繰り返された「ジャイアントキリング」/ワールドカップ・グループH@スイス代表 1-0 スペイン代表

スポーツ界には「ジャイアントキリング」という言葉がある。

日本語に訳せば「大番狂わせ」。
最近じゃサッカー漫画のタイトルにもなっているこの言葉は、サッカー観戦での大きな楽しみの一つだろう。

ワールドカップでも、これまで数多くの「ジャイアントキリング」が起こった。
記憶に新しいところでは、日韓ワールドカップでセネガル代表がフランス代表を沈めた一戦しかり。もっと遡れば、90年イタリアワールドカップ開幕戦で、カメルーン代表がディフェンディングチャンピオンのアルゼンチン代表を破った一戦しかり。

そしてこの南アフリカ大会では、現時点で最大の「ジャンアントキリング」が、スイス代表がスペイン代表を破ったこの一戦になりそうである。

スイスの実現させた「ジャイアントキリング」

下馬評では、今大会の優勝候補の筆頭に挙げられているのがスペインである。

2年前のユーロでヨーロッパチャンピオンに輝いた実績もさることながら、そのサッカーの質に対する評価がすこぶる高い。
シャビ・エルナンデス、アンドレス・イニエスタ、セスク・ファブレガス、ダビド・シルバと中盤に稀有なタレントを数多く擁し、前線には2大エースのダビド・ビジャとフェルナンド・トーレスが君臨する。

そしてこの陣容も超豪華だけども、それ以上に彼らが織りなすパスサッカーのハーモニーが素晴らしいとのもっぱらの評判だ。

事実この試合でも、スペインは見事なパスワークを披露していた。
それはさながら、現在世界最高のチームと言われる FCバルセロナを彷彿とさせるスタイルである。
バルサでも活躍するシャビ、イニエスタ、セルヒオ・ブスケッツらによって構成された中盤は、まさにバルサさながらの華麗なパスワークを見せていた。

対するスイスも、率いるのはボルシア・ドルトムントとバイエルン・ミュンヘンで2度のヨーロッパチャンピオンに輝いた名将、オットマー・ヒッツフェルト監督である。
それだけに、中盤の組織的な守備でスペインのパスワークによく対抗していた。

しかし個々のタレントの質の差はいかんともしがたく、ゲームはスペインが一方的にボールを支配するワンサイドゲームとなった。

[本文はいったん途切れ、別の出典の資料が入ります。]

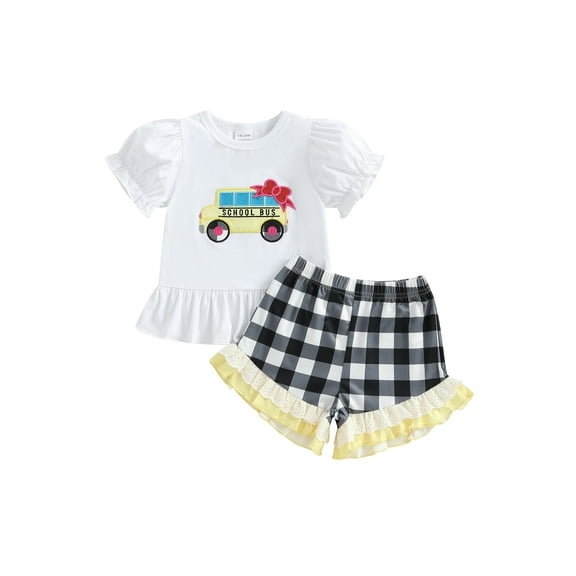 BemeyourBBs Girls Shorts Set, Embroidery School Bus T-shirt with Plaid Shorts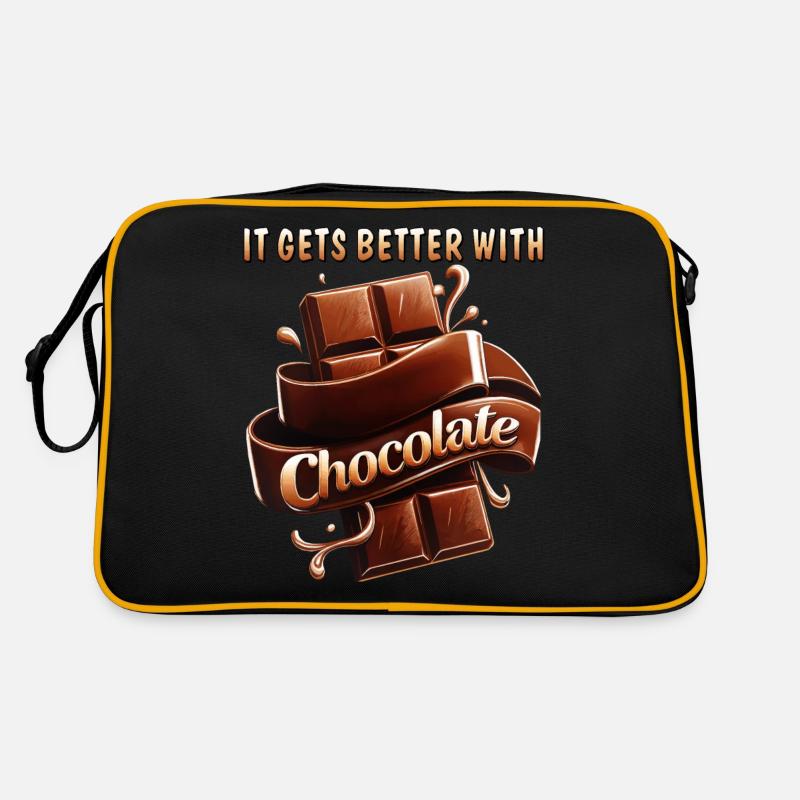 IT GETS BETTER WITH CHOCOLATE Retro Tasche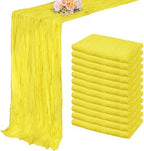 12 Pack Yellow Cheesecloth Table Runner 20 x 120 Inch Long Rustic Gauze Cheese Cloth Table Runner for Wedding 10FT Bridal Baby Shower Table Decorations Boho Fabric Sheer Birthday Party Table Decor by FoliafeelHome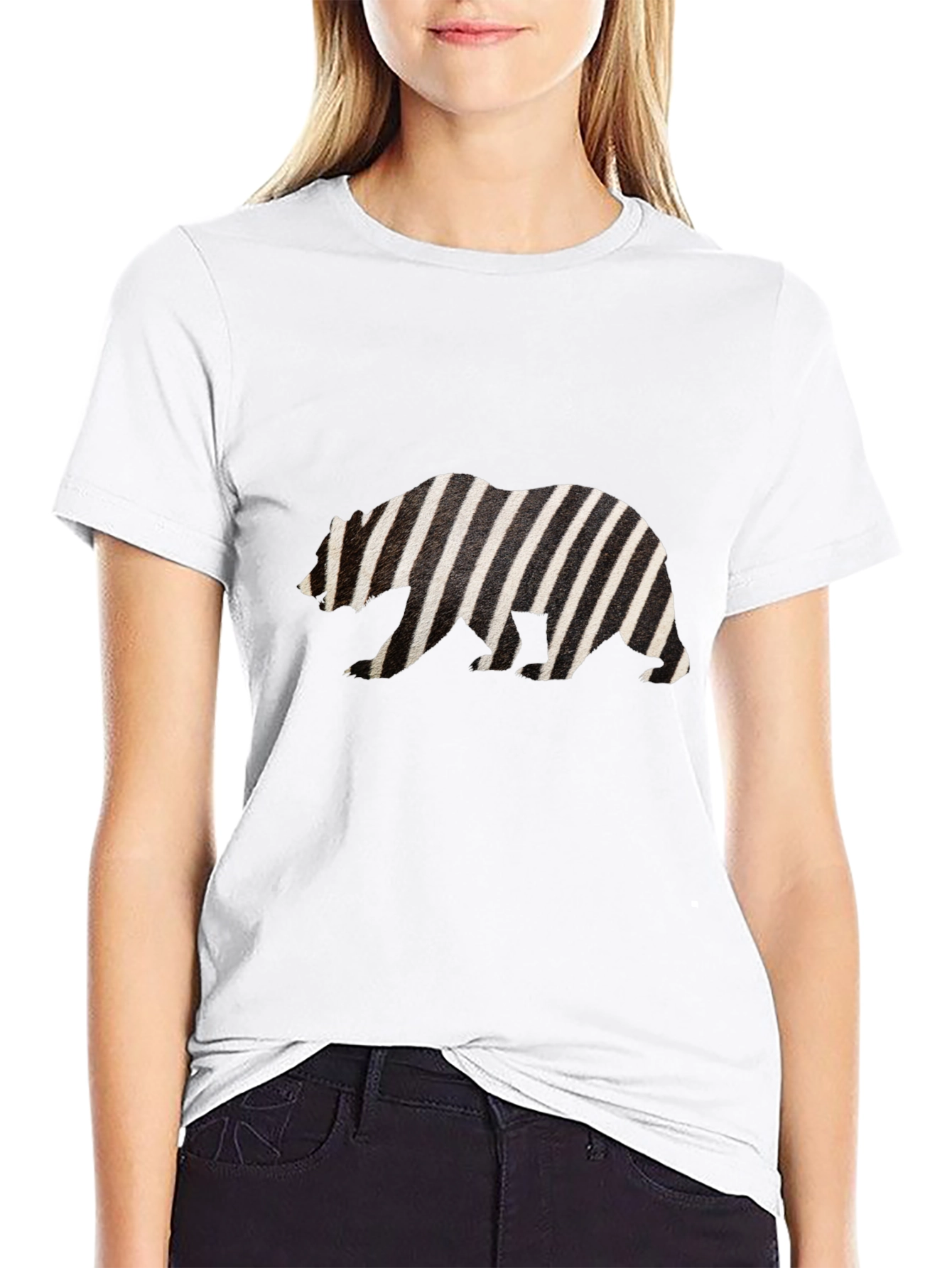 Zebra Striped Bear Graphic Tee - Mens Black T-Shirt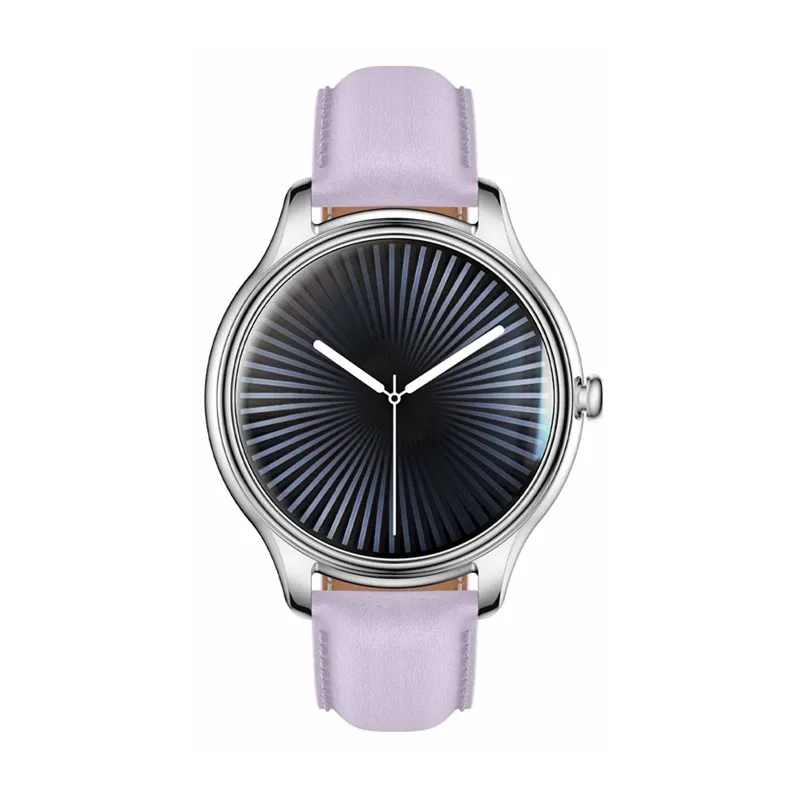 colmi l28 smart watch (silver-purple + purple leather strap) - slika 3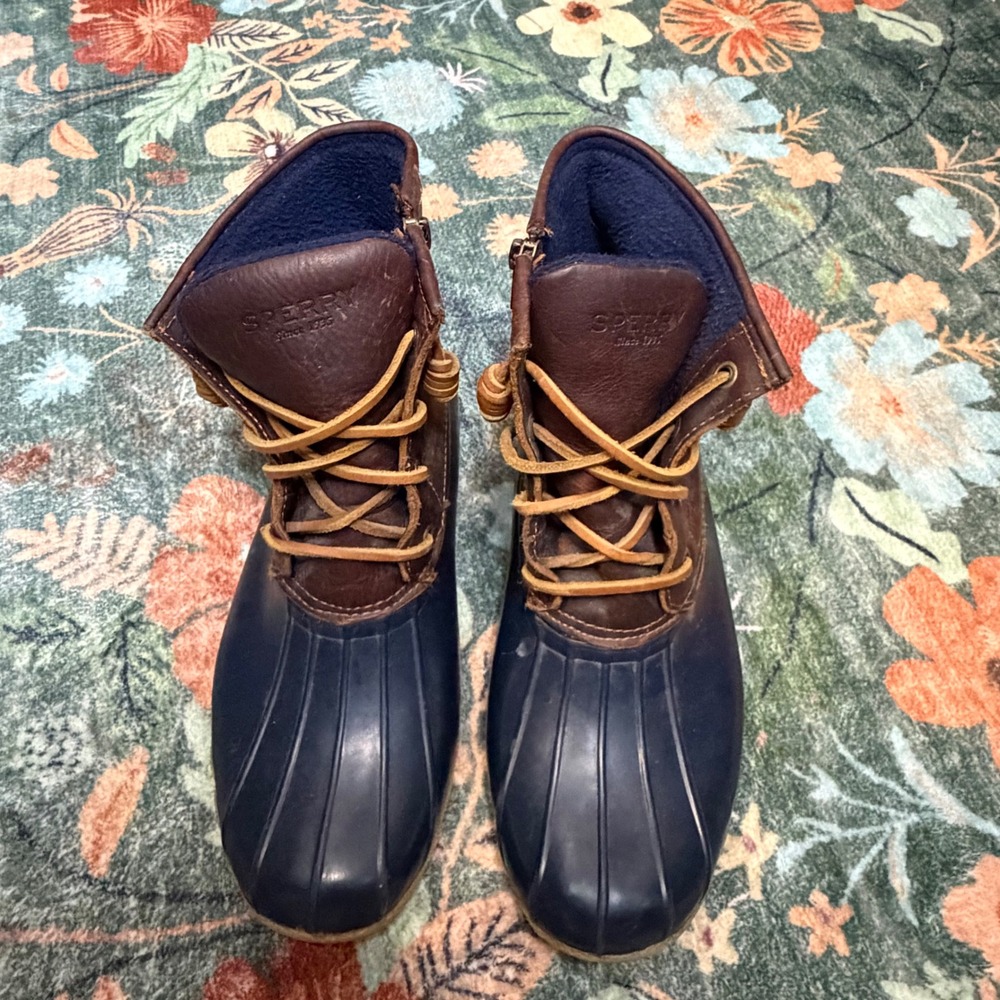Sperry Saltwater Duck Boots Navy Brown Waterproof Leather STS91175 Womens 9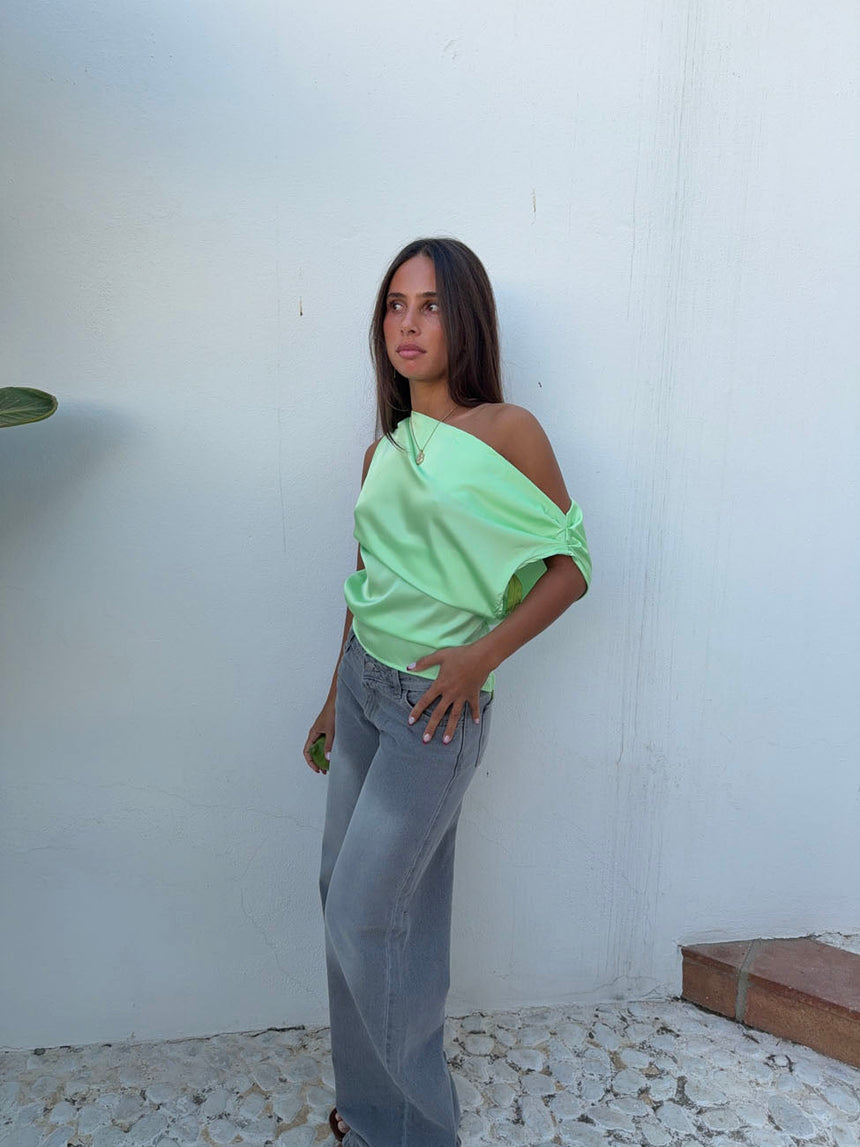 Lavina satin top - Green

ただ、それだけ圧倒的にゲームをリードしながらも、スペインはゴールを奪えない。
ポゼッションでは驚異的なパーセンテージを叩き出したものの、ボールは回せどゴール前でのアイディアに欠けた印象である。

このへんはもしかしたら油断もあったのかもしれない。
スイスは悪いチームではないけれども、スペインに勝てるチームだとは誰も考えていなかった。
スペインの選手たちも、圧倒的にボールを回せているのだから、いつか点は取れるだろうと考えていたのではないだろうか。
その気の緩みが、最後の場面でのスペインの集中力をそいでしまった事は充分に考えられる。

とにかくスペインの最後の崩しとフィニッシュの甘さ、そしてスイスの誇るワールドクラスの守護神、ディエゴ・ベナーリオの活躍もあって、スペインは時間は経てどもゴールを奪えない展開が続いた。

そうこうしているうちに均衡が崩れたのが後半 52分。
Gkベナーリオからのロングボールの処理に、スペインDF陣が甘さを見せた隙をついて、このボールをスイスMFのジェルソン・フェルナンデスがかっさらう。
そしてフェルナンデスは、スペインDFジェラール・ピケのチェックを受けながらもこのボールを泥臭く押し込んで、スイスがまさかの先制点を挙げた。

この得点シーン以外はほとんどノーチャンスだったスイスが挙げた、虎の子の一点。
その後スペインは当然のように猛攻を仕掛けた。
しかしシャビ・アロンソの放った強烈なミドルシュートがクロスバーを叩くなど運にも見放され、けっきょくスイスがこのまま逃げ切りに成功。
このグループリーグ第1節で最大級となる「ジャイアントキリング」を、見事に実現させたのである。

回想される「マイアミの奇跡」

この試合が「ジャイアントキリング」と呼ぶにふさわしいと思うのは、スペインが優勝候補の筆頭だと言うことももちろんだけども、試合自体が一方的なスペインペースだったことも大きい。

おそらく 10回試合をしたら9回はスペインが勝つ勝負。
しかしスイスはそのワンチャンスを物にして、この大番狂わせを達成したのだ。

僕はこの試合で 96年のアトランタオリンピックを思い出した。
そう、日本代表が優勝候補筆頭のブラジル代表を相手に、開幕戦で 1-0の勝利を挙げ、「マイアミの奇跡」と呼ばれたあの試合である。

ロナウドやロベルト・カルロスといった「レジェンド級」のスーパースターを擁したブラジル代表に、日本が勝てるチャンスはほぼゼロだと見られていた。
しかしこの試合、日本は圧倒的にゲームを支配されながらも、GK川口能活のスーパーセーブなどでブラジルの猛攻をしのぎ続けた。

そして歴史的な得点シーンが訪れる。
左サイドの路木龍次からのクロスに対し、処理に行ったブラジルの守備の要・アウダイールとGKジーダがまさかの激突。
このこぼれ球を拾った伊東輝悦が無人のゴールに流し込み、この1点を守りきった日本がまさに奇跡的な勝利をものにした。

このスイスとスペインの試合も、このマイアミの奇跡によく似た展開だった。
相手の油断 + 相手のミス + 集中力を保ち続けた守備、そしてそこに隙をついた泥臭いゴールが重なり、それを生み出す運があればジャイアントキリングは生まれる。
この試合はまさに、その典型的な試合だったと思った。

スペイン相手に大きな一勝を挙げたスイス。逆に早くも境地に立たされたスペイン。
しかしこの一勝で何かが保証されたわけでは全くない。

マイアミの奇跡で勝利した日本も、グループリーグを2勝1敗で乗り切りながらも、けっきょくはグループ3位に終わって決勝トーナメント進出を逃した。
反対に、負けたブラジルはその後2連勝でグループを突破し、最終的に銅メダルに輝く。

この結果がどう影響するのかは、けっきょくは第2戦以降にかかっている。
彼らの運命は、まだ何も決定づけられてはいないのである。